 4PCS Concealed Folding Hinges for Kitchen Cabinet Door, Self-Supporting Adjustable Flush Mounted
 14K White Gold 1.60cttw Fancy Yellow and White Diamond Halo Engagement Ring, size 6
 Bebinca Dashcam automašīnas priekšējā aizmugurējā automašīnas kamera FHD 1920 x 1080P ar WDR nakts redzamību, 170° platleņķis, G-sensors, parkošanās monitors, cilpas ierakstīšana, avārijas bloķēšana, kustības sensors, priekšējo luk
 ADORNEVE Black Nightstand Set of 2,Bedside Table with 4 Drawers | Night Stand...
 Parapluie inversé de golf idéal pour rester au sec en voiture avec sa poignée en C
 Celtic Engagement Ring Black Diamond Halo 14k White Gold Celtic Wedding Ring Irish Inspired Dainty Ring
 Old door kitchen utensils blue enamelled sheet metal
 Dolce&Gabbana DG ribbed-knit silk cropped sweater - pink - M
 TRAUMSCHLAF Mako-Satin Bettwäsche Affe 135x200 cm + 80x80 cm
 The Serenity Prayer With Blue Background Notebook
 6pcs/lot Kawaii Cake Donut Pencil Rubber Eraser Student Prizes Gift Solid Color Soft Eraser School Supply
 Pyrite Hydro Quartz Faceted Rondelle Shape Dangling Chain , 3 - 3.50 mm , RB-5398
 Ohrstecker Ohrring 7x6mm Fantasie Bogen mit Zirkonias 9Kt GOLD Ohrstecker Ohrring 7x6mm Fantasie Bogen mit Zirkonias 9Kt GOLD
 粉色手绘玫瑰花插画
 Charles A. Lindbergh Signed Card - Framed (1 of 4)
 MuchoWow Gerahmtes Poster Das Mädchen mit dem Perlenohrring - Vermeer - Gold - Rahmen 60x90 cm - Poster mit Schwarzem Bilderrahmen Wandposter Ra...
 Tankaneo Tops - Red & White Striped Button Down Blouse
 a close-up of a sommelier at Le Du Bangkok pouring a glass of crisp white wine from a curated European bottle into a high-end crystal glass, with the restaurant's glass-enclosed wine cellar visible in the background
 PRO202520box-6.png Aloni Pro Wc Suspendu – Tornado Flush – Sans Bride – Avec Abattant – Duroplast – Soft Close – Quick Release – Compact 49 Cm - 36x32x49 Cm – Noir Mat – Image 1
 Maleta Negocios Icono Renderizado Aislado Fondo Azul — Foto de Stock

################

## Assignment
Would you show all lines of the material above that contain the word "Diamond"?

## Output below
 14K White Gold 1.60cttw Fancy Yellow and White Diamond Halo Engagement Ring, size 6
 Celtic Engagement Ring Black Diamond Halo 14k White Gold Celtic Wedding Ring Irish Inspired Dainty Ring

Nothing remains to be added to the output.